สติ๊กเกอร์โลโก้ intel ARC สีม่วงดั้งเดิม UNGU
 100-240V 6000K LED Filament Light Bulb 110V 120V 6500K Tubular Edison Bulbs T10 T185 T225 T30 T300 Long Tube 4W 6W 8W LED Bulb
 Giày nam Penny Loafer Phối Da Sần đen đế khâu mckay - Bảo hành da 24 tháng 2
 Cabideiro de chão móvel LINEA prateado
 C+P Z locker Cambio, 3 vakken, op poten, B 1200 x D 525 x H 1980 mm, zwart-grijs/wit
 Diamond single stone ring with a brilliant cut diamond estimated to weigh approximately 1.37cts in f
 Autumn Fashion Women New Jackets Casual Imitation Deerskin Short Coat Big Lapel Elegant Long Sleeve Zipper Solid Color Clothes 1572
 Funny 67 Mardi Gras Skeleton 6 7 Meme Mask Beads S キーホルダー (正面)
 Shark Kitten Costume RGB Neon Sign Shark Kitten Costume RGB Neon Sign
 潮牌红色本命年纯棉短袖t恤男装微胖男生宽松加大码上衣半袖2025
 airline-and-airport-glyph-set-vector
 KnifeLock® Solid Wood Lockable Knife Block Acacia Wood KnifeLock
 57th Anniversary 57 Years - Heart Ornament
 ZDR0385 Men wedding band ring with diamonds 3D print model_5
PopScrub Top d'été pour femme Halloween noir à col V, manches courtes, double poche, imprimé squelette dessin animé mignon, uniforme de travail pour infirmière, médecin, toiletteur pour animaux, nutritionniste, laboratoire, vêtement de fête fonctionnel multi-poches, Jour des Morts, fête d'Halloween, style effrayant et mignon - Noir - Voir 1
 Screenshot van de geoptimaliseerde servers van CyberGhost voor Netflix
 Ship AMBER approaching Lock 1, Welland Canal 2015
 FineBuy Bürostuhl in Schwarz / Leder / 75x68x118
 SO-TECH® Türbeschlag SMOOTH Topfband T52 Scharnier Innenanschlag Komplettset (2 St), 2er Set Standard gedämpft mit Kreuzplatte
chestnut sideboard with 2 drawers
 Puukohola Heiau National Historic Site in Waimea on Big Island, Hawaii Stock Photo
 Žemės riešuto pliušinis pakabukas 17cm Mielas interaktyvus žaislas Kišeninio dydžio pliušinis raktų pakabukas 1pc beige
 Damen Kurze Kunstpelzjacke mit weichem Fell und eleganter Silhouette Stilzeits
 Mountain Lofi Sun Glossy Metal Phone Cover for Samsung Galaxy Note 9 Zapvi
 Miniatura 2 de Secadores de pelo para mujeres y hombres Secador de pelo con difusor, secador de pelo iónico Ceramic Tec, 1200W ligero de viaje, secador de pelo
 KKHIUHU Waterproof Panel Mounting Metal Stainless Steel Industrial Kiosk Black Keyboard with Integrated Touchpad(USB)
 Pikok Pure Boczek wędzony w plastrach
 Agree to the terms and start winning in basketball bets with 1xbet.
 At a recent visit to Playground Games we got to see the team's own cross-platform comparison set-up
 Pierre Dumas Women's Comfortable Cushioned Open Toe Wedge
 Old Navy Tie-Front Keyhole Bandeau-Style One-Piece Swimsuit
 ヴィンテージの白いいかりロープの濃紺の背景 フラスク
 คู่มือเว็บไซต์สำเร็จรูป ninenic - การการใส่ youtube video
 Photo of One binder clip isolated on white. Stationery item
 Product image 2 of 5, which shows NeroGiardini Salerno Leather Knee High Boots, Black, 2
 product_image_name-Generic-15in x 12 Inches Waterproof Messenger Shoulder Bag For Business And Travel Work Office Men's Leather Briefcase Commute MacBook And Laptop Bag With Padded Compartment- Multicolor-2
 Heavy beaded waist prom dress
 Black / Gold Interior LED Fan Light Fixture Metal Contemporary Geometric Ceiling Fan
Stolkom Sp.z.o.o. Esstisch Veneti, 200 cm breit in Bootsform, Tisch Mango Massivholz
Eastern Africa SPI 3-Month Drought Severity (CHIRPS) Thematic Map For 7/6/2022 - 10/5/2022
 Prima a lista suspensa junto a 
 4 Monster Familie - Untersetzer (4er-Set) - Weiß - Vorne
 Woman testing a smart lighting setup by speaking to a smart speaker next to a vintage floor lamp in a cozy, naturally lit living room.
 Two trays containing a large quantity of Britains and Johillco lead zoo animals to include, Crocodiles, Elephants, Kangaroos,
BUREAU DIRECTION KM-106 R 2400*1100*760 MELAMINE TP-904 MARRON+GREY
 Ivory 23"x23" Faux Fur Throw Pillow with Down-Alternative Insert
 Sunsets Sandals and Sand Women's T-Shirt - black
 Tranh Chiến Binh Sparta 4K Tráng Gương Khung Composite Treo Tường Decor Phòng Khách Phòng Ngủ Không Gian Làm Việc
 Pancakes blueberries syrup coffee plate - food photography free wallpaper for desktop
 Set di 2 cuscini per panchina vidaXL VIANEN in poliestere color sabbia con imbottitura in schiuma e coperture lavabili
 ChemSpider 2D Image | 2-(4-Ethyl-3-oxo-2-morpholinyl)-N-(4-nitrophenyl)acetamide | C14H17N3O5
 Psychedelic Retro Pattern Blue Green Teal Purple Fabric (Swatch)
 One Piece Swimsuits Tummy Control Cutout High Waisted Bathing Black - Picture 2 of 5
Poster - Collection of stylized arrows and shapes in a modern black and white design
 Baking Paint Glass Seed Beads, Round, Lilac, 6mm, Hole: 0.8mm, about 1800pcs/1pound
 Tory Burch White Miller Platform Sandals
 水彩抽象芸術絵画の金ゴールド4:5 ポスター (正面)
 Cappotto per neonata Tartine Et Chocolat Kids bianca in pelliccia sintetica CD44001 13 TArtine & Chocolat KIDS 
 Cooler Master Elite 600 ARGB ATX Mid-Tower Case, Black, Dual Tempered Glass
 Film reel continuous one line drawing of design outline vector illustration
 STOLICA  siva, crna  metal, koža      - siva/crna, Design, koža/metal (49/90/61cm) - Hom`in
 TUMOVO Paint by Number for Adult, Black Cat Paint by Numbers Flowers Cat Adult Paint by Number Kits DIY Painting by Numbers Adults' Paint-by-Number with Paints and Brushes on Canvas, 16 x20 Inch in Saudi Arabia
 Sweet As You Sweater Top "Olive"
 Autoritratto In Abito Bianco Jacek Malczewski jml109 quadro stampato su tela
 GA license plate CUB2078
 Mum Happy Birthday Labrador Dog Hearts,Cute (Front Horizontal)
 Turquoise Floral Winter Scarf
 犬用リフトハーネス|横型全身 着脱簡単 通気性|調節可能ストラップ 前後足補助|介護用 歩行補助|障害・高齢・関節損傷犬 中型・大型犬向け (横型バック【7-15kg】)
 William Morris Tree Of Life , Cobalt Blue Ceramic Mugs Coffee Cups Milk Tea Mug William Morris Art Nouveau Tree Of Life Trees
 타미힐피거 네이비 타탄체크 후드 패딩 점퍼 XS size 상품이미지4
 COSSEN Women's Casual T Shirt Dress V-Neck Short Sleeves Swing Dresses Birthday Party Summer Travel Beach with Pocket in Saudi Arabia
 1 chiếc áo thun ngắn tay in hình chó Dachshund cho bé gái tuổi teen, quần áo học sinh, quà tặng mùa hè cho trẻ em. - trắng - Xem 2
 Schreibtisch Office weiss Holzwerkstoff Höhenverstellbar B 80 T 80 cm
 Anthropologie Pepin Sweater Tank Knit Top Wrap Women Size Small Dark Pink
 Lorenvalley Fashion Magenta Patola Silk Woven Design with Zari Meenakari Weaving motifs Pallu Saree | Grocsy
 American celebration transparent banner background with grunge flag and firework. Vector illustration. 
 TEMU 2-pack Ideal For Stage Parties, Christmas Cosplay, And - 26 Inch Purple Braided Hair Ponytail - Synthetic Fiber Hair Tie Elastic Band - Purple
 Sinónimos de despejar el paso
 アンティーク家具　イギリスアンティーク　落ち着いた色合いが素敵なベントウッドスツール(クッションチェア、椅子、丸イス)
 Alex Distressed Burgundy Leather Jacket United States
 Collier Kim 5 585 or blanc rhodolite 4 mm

+===+

## Problem statement
Retype only the lines above between the line with "One Piece Swimsuits" and the line with "American celebration transparent", counting those two lines as well, and keep every character as it is.

## Your response
 One Piece Swimsuits Tummy Control Cutout High Waisted Bathing Black - Picture 2 of 5
Poster - Collection of stylized arrows and shapes in a modern black and white design
 Baking Paint Glass Seed Beads, Round, Lilac, 6mm, Hole: 0.8mm, about 1800pcs/1pound
 Tory Burch White Miller Platform Sandals
 水彩抽象芸術絵画の金ゴールド4:5 ポスター (正面)
 Cappotto per neonata Tartine Et Chocolat Kids bianca in pelliccia sintetica CD44001 13 TArtine & Chocolat KIDS 
 Cooler Master Elite 600 ARGB ATX Mid-Tower Case, Black, Dual Tempered Glass
 Film reel continuous one line drawing of design outline vector illustration
 STOLICA  siva, crna  metal, koža      - siva/crna, Design, koža/metal (49/90/61cm) - Hom`in
 TUMOVO Paint by Number for Adult, Black Cat Paint by Numbers Flowers Cat Adult Paint by Number Kits DIY Painting by Numbers Adults' Paint-by-Number with Paints and Brushes on Canvas, 16 x20 Inch in Saudi Arabia
 Sweet As You Sweater Top "Olive"
 Autoritratto In Abito Bianco Jacek Malczewski jml109 quadro stampato su tela
 GA license plate CUB2078
 Mum Happy Birthday Labrador Dog Hearts,Cute (Front Horizontal)
 Turquoise Floral Winter Scarf
 犬用リフトハーネス|横型全身 着脱簡単 通気性|調節可能ストラップ 前後足補助|介護用 歩行補助|障害・高齢・関節損傷犬 中型・大型犬向け (横型バック【7-15kg】)
 William Morris Tree Of Life , Cobalt Blue Ceramic Mugs Coffee Cups Milk Tea Mug William Morris Art Nouveau Tree Of Life Trees
 타미힐피거 네이비 타탄체크 후드 패딩 점퍼 XS size 상품이미지4
 COSSEN Women's Casual T Shirt Dress V-Neck Short Sleeves Swing Dresses Birthday Party Summer Travel Beach with Pocket in Saudi Arabia
 1 chiếc áo thun ngắn tay in hình chó Dachshund cho bé gái tuổi teen, quần áo học sinh, quà tặng mùa hè cho trẻ em. - trắng - Xem 2
 Schreibtisch Office weiss Holzwerkstoff Höhenverstellbar B 80 T 80 cm
 Anthropologie Pepin Sweater Tank Knit Top Wrap Women Size Small Dark Pink
 Lorenvalley Fashion Magenta Patola Silk Woven Design with Zari Meenakari Weaving motifs Pallu Saree | Grocsy
 American celebration transparent banner background with grunge flag and firework. Vector illustration. 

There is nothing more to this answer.